Pendidikan bukan lagi sebagai sebuah upaya pembangkitan kesadaran kritis. Hal ini tentunya mengakibatkan terjadinya praktek jual-beli gelar, jual-beli ijasah hingga jual-beli nilai. Belum lagi diakibatkan kurangnya dukungan pemerintah terhadap kebutuhan tempat belajar, telah menjadikan tumbuhnya bisnis-bisnis pendidikan yang mau tidak mau semakin membuat rakyat yang tidak mampu semakin terpuruk. Pendidikan hanyalah bagi mereka yang telah memiliki ekonomi yang kuat, sedangkan bagi kalangan miskin, pendidikan hanyalah sebuah mimpi. Banyak orang membicarakan kepentingan manusia, namun hanya menjadi sebuah ungkapan kosong, karena mereka tidak mengerti bahwa kenyataan dimensi humanis manusia hanya dijadikan objek penderitaan. Banyak orang mengkelaim dirinya mempunyai komitmen dalam usaha pembebasan tetapi mereka masih menganut mitos yang menentang tindakan-tindakan humanis. Kata pembangunan sering dijadikan celotehan dalam setiap kebijakan dan kegiatan kurikulum, ini telah cenderung menjadi mitos dan mengalami sakralisasi. Arti pembangunan itu sendiri adalah perubahan sosial dari kondisi tertentu ke kondisi yang lebih baik yang seolah-olah tesembunyi nilai kebaikan dibalik pelaksanaan pembangunan, ini dikarenakan tujuan dan anggapan dasarnya adalah baik, maka proses pembangunan mengizinkan pengorbanan pengorbanan berbagai dimensi kemanusiaan. Pertanyaannya kemudian nilai yang dianggap baik itu menurut siapa? Lapisan yang mana dan kelompok yang mana yang harus dikorbankan?
Pembangunan yang bertujuan merubah kondisi sosial dilaksanakan dengan cara memberdayakan ekonomi, ironisnya hal ini cenderung menciptakan ketidak berdayaan politis dan lapisan masyarakat tertentu. Pembangunan kita sekarang lebih cenderung kepada pembebasan masyarakat dari kemiskinan ekonomi, namun tidak membebaskan manusia dari kondisi politik tanpa dominasi atau demokratis. Oleh karenanya kita harus kembali kepada nilai-nilai Pancasila untuk pendidikan kita.
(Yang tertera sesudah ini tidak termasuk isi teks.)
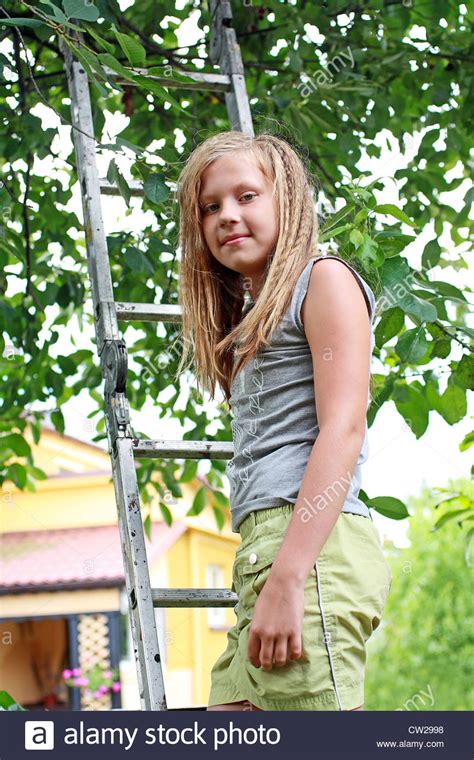 Claro, the figure is really high in a category like this. A 12 years old girl in the garden Stock Photo, Royalty ...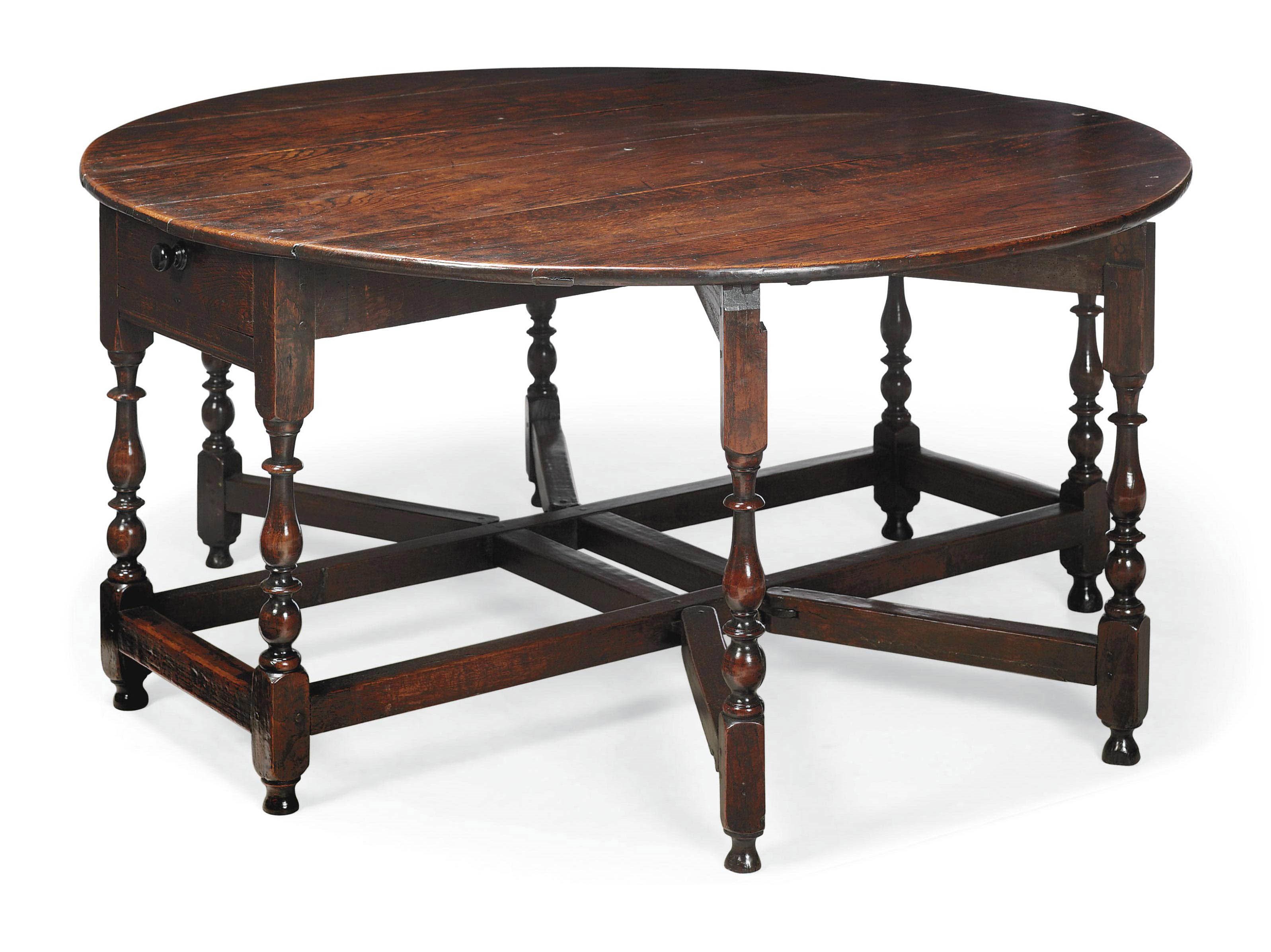 A LARGE GEORGE II OAK DOUBLE GATELEG TABLE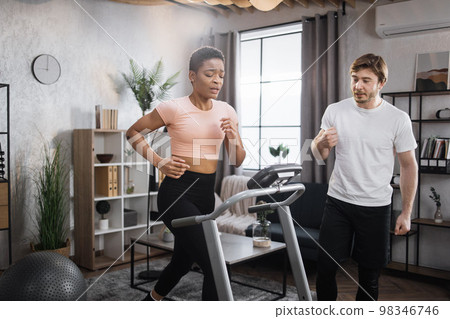 Portrait of focused young african female wearing sportswear and using treadmill 98346746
Membumikan pancasila dalam kehidupan bermasyarakat, berbangsa dan bernegara. Membumikan Pancasila berarti menjadikan nilai-nilai Pancasila menjadi nilai-nilai yang hidup dan diimplementasikan dalam kehidupan sehari-hari. Pendidikan telah mengkhianati misi utamanya untuk mencerdaskan kehidupan bangsa tanpa membeda-bedakan status sosial. Realitasnya pendidikan saat ini lebih sibuk melayani golongan sosial tertentu dan menjadi pelayan setia pada kapitalisme. Materialisasi pendidikan sudah mulai menggejala dan menggeser ideologi pendidikan yang
mengarah kepada ideologi materiali kapitalis dan kurikulum disusun dan diorientasikan untuk mampu mendapatkan pekerjaan dibungkus dengan baju modernitas. Harus diakui pendidikan telah kehilangan orientasi dan mengalami krisis identitas. Kita tidak memiliki sistem pendidikan yang bersifat ke Indonesiaan.
Melihat dari berbagai masalah di atas, dapat disimpulkan karena kita menghianati dari nilai-nilai pancasila sebagai falsafah hidup kita sebagai bangsa Indonesia. Filsafat Pendidikan pancasila sudah seharusnya sebagai sebuah paradigma pendidikan yang mampu mensintesakan antara keinginan sistem pendidikan modern dan sistem pendidikan yang
menginginkan terjaganya nilai nilai manusia pancasilais, dan perlu diperhatikan bahwa nilai-nilai pancasila seharusnya tidak hanya menyentuh ranah kognisinya saja, tapi juga pada ranah afeksi dan psikomotorik.
5 Mei 2021
Penulis ini bernama Falih Nasrullah, berasal dari Toboali, Bangka Selatan.